The hyperscaler keynotes all echoed the imperative for faster speeds now. The industry does not have the luxury of waiting 3-5 years between generations as AI drives interconnect demands higher every year. If and how this challenge can be met was the main focus of the workshop, and it will preoccupy the industry throughout 2025.
Background
Electrical and optical signaling in datacenter optics is based on PAM4 and it has migrated from 50G to 100G to 200G over the last few years. The transitions have been generally orderly, with technological advancements in DSP speeds, optical modulator capabilities, and packaging progressing in a predictable way. However, the challenges are daunting as we approach 400Gbps per lane, especially in the electrical domain where 400G signals may not reach from the switch chips or GPUs to the optics.

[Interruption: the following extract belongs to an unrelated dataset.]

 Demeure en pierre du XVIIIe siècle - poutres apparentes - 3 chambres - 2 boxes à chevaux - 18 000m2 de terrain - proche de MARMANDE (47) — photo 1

Module Speed | Electrical Speed | Optical Speed |
---|---|---|
400GbE | 50Gbps x 8 | 100Gbps x 4 |
800GbE | 100Gbps x 8 | 100Gbps x 8 200Gbps x 4 (emerging) |
1.6TbE | 200Gbps x 8 | 200Gbps x 8 |
3.2TbE | Options: 400Gbps x 8 200Gbps x 16 | Options: 400Gbps x 8 200Gbps x 16 Coherent Lite |
Electrical and Optical signal speeds in datacenter optics
Workshop Observations
The Industry is coalescing around PAM6 signaling as the way to get 400Gbps electrical signals from chips to modules. As the number of amplitude levels increases, the baud rate (symbols/second) reduces, and signals can propagate further. PAM8 is also an option, but signal to noise ratio (SNR) becomes more challenging as the received eye openings are smaller. There were a few presentations positing that PAM4 may yet have legs, but PAM4 will require improved connector designs and other hardware improvements to operate at 224 Gbaud. Employing PAM6 at 150 Gbaud seems to be an ideal middle ground between the simplicity of PAM4 and the SNR issues of PAM8.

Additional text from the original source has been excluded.